We had to implement the algorithms from scratch and compare it to the sklearn library. Coding this was a lot of fun, however, I was wondering how AdaBoost would perform with on real data.

AdaBoost

AdaBoost is a machine learning algorithm in the category of ensemble learning. Ensembles combine multiple complementary classifiers to increase its predictive performance. Combining multiple weak learners builds one strong classifier. It is very easy to implement AdaBoost (even without libraries).

The algorithm generates hypotheses by successively reweighing the training examples.

Playing around

Python

Like in the assignment I used Scikit-learn. Sklearn is a free machine learning library for the Python programming language. Pandas and numpy are also needed.

import pandas as pd
import numpy as np
from collections import defaultdict
from sklearn.ensemble import AdaBoostClassifier
from sklearn.tree import DecisionTreeClassifier
from sklearn.preprocessing import LabelEncoder
from sklearn.metrics import accuracy_score

Data

Like mentioned before, I wanted to apply the AdaBoost algorithm on real data. There is that huge data collection from the European social survey, which contains survey data.

European Social Survey | European Social Survey (ESS)

Participants may not answer all questions, are indifferent or, a column contains various data types.
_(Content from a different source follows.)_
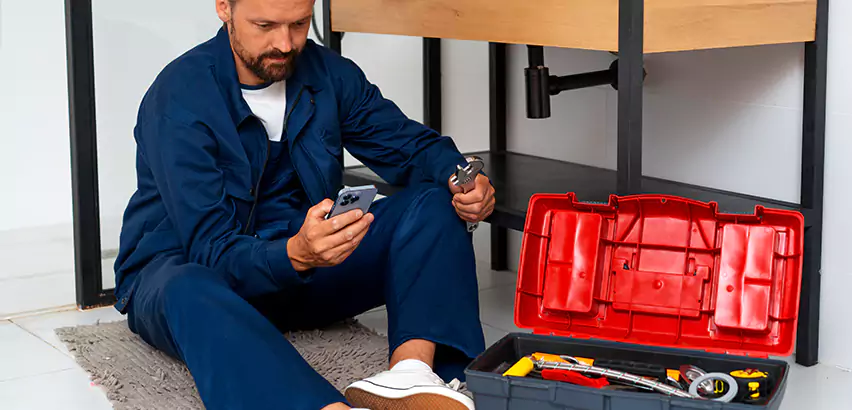 Residential Gas Line Repair in Buckeye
This is why the data set needs to be cleaned up, however since I am too lazy to read the documentation for all 3000 columns, I just loaded the CSV file as a data frame and remove all columns with multiple data types and NA's.

target_col = 'gndr'
df = pd.read_csv('ESS1-8e01.csv', low_memory=False)
df = df.dropna(subset=[target_col])
df = df.select_dtypes(exclude=['object'])

By splitting up the data frame randomly, I can use one half to train the AdaBoost algorithm and another one to evaluate the accuracy of my algorithm.

np.random.seed(42)
df = df.sample(frac=1)
split = int(df.shape[0] / 100 * 20)
dat_test = df.iloc[0:split]
dat_train = df.iloc[(split + 1):df.shape[0]]

Finally, I prepare my data frames for sklearn and let it crunch through those numbers.

d = defaultdict(LabelEncoder)
dat_train_encoded = dat_train.apply(lambda x: d[x.name].fit_transform(x))
dat_test_encoded = dat_test.apply(lambda x: d[x.name].fit_transform(x))

x_train = dat_train_encoded[dat_train_encoded.columns.difference([target_col])]
y_train = dat_train_encoded[target_col]

x_test = dat_test_encoded[dat_test_encoded.columns.difference([target_col])]
y_test = dat_test_encoded[target_col]

abc = AdaBoostClassifier(base_estimator=DecisionTreeClassifier(criterion="gini", max_depth=1), n_estimators=1000)
model = abc.fit(x_train, y_train)
predictions = model.predict(x_test)

print(accuracy_score(y_test, predictions))

After a while the Python script completes and outputs an accuracy score of 0.84.